I am new to the site and thought to post a few pictures of places I have visited in the past. This is Six Mile House drainage mill, a grade II listed derelict windpump on the River Bure, east of Acle, Norfolk, built in the mid-19th century. It has a tarred brick tower, leaning to one side, consisting of 3 storeys. Tufts of grass are sprouting on the brick tower wall. There are opposing openings for ground floor entrance doors and a window opening each on the first floor and cap floor. Much of the original machinery is still inside the structure which is open to the weather, with a leaking cover and gaps in the top floor. Two stocks and the sails lie rotting on the same spot they landed in when they fell down, apparently many years ago. Some of the internal machinery is still connected with wooden starts to the remains of an external scoop wheel, only the metal wheel parts have survived. 

I hope you will enjoy.


----------



## Black Shuck (Mar 1, 2011)

Beautiful work, nothing like the Broads.


----------



## night crawler (Mar 1, 2011)

Nice one, that one needs saveing as well


----------



## hamishsfriend (Mar 1, 2011)

Thanks, both.

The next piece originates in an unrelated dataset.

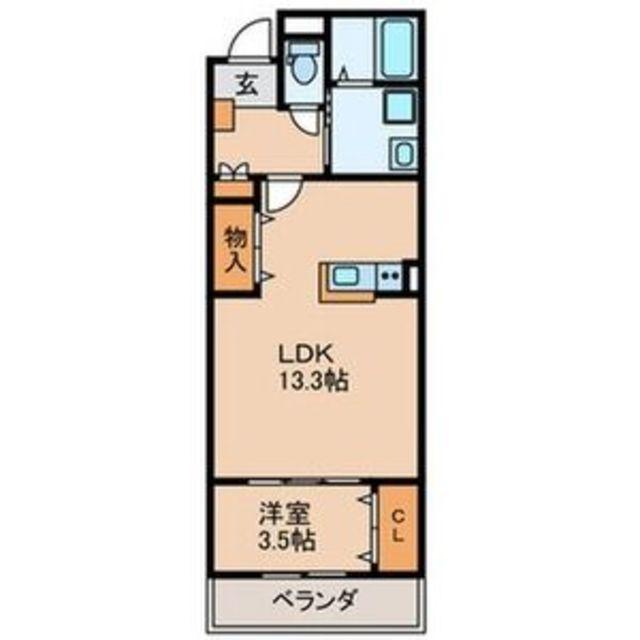 REGIES中百舌鳥(1LDK/2階)の間取り写真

All other windpumps in this area are in a better state of preservation.


----------



## manof2worlds (Mar 1, 2011)

The more I'm reading your posts here, the more I'm getting mysedlf ready to follow you and go to these sites myself - great stuff and right on the doorstep as well


----------



## muppet (Mar 1, 2011)

thanks for posting had many happy holidays on the broads have you been to st bennets abbey always stop there and have a mooch would love to see the place again


----------



## hamishsfriend (Mar 1, 2011)

manof2worlds said:


> The more I'm reading your posts here, the more I'm getting mysedlf ready to follow you and go to these sites myself - great stuff and right on the doorstep as well



Hope you'll enjoy, all we need now is better weather.


----------



## hamishsfriend (Mar 1, 2011)

muppet said:


> thanks for posting had many happy holidays on the broads have you been to st bennets abbey always stop there and have a mooch would love to see the place again



Here you are.


----------



## jibhead (Mar 2, 2011)

great post ,cheers


----------



## Foxylady (Mar 5, 2011)

Wow, that's lovely. Really like seeing the wheel and other remains. Great stuff.


----------



## nelly (Mar 5, 2011)

Nice photos.

It's good to see something with unrestricted access that hasn't been spray painted or set alight to


----------



## hamishsfriend (Mar 5, 2011)

nelly1967 said:


> Nice photos.
> 
> It's good to see something with unrestricted access that hasn't been spray painted or set alight to



I agree. The long-ish walk might be a deterrent for some.


----------



## krela (Oct 12, 2011)

According to the land-owner there is no longer any public access to this.


----------